When a person passes away, the handling of their debts can be a complex and emotional process for the surviving family members. It is common to wonder if you will have to pay those bills. Knowing the rules about how to handle debts after a person’s death can help reduce stress for family members.
Who pays for the debts a person leaves behind?
When someone dies, all their assets and liabilities are collectively known as their “estate.” In California, the estate is responsible for paying off any debts that the deceased has left behind. California law specifies the order in which debts should be paid from the estate:
- Costs for managing the estate.
- Mortgages and liens.
- Funeral costs.
- Medical bills from the deceased person’s last illness.
- Money to support the surviving spouse and young children.

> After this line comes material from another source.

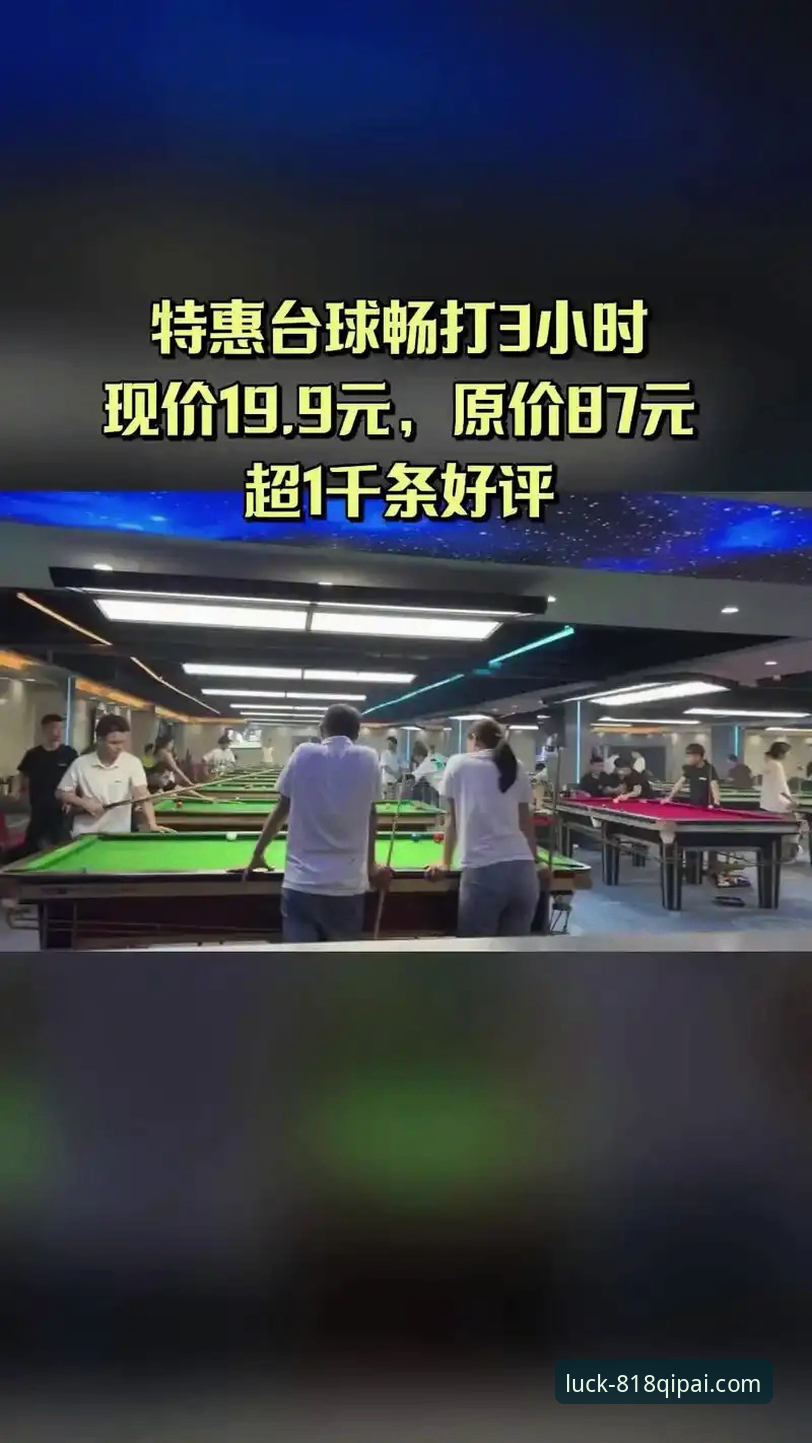 为什么棋牌安卓版推荐首选818棋牌平台？老用户用三年经验告诉你真相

- Claims for unpaid wages.
- Other debts
The executor, who oversees the estate, pays off these debts in this order. Whatever is left goes to the deceased person’s heirs. If there is not enough money in the estate to cover all the debts, they pay as much as they can following this order. In this situation, lower-priority debts may go unpaid, and the heirs might not receive anything.
Do you have to pay off your loved one’s debts?
It is important to note that family members do not usually have to pay the deceased’s debts from their own money. However, if the person who passed away shared responsibility for their debts – whether as a joint account owner, authorized user or co-signer – the other person on the account may still have to pay.
Handling debts after a death can be challenging. Luckily, an experienced probate attorney can help. They can give advice specific to your situation and help executors manage everything correctly and legally.
Dealing with the debts a person leaves behind can add an additional layer of stress to their passing. Understanding these key points about managing debts after someone dies in California can help you manage a loved one’s estate or plan ahead for your own peace of mind.